ASSIGNMENT → Without any of the pictures, transcribe all the lines below exactly.
COLLECTED MATERIAL section start
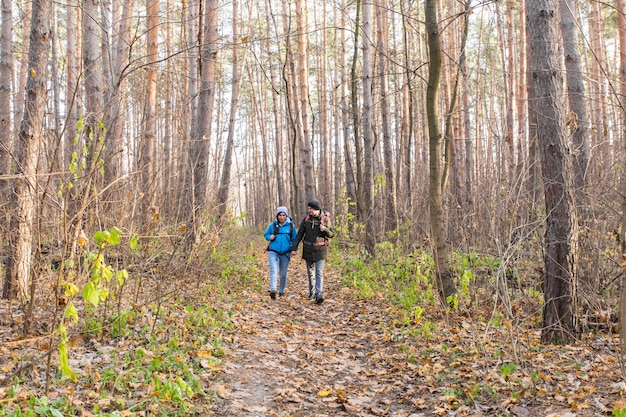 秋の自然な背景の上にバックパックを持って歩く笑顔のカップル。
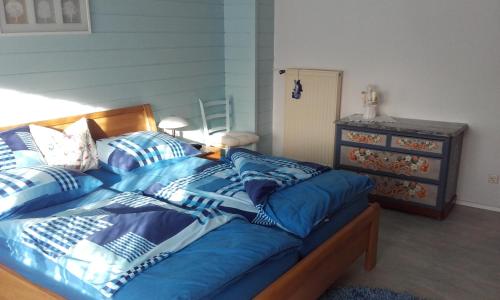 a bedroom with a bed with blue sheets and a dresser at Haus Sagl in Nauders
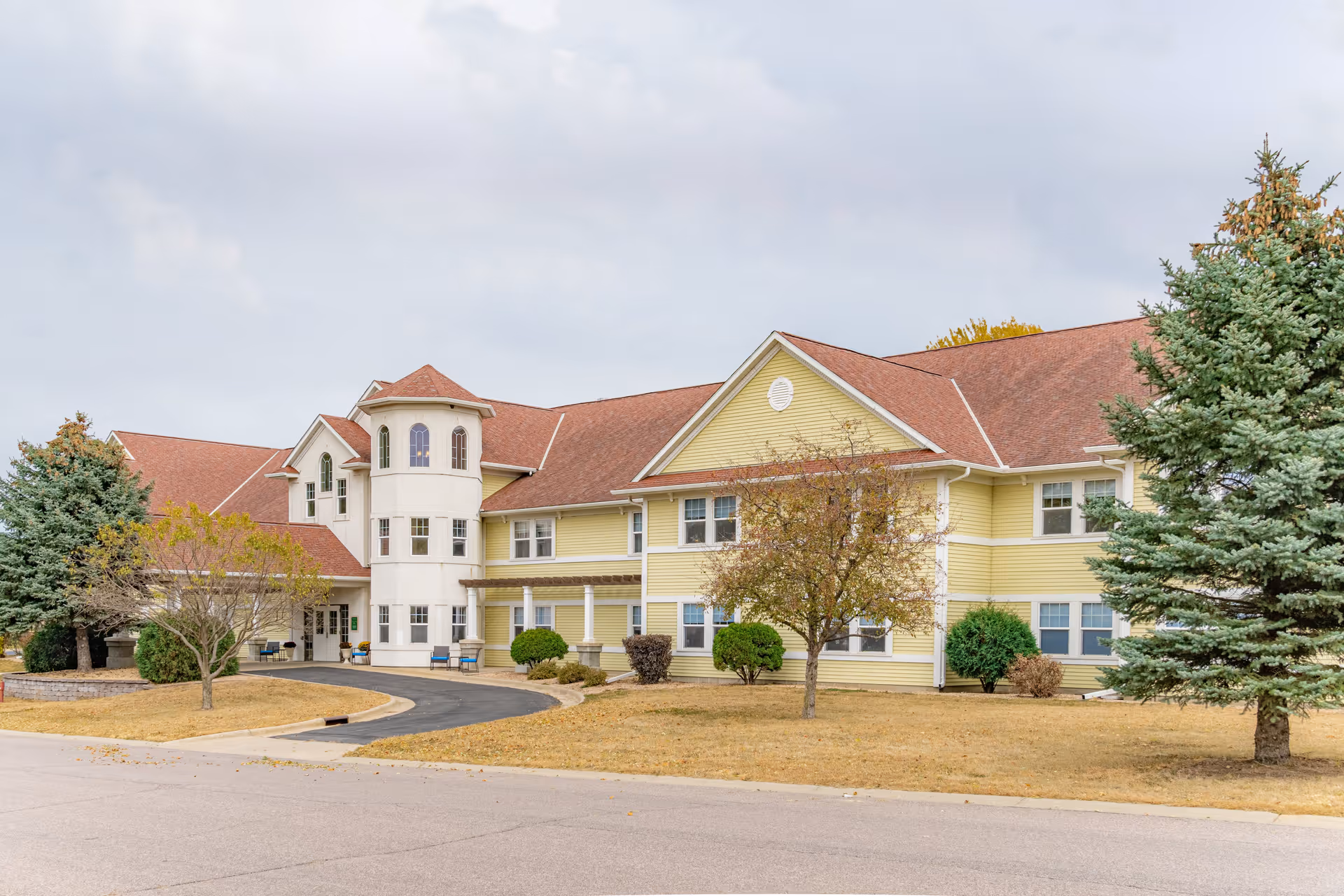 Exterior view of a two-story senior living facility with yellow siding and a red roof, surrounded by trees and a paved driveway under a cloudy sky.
COLLECTED MATERIAL section end
EXERCISE OUTPUT →
 秋の自然な背景の上にバックパックを持って歩く笑顔のカップル。
 a bedroom with a bed with blue sheets and a dresser at Haus Sagl in Nauders
 Exterior view of a two-story senior living facility with yellow siding and a red roof, surrounded by trees and a paved driveway under a cloudy sky.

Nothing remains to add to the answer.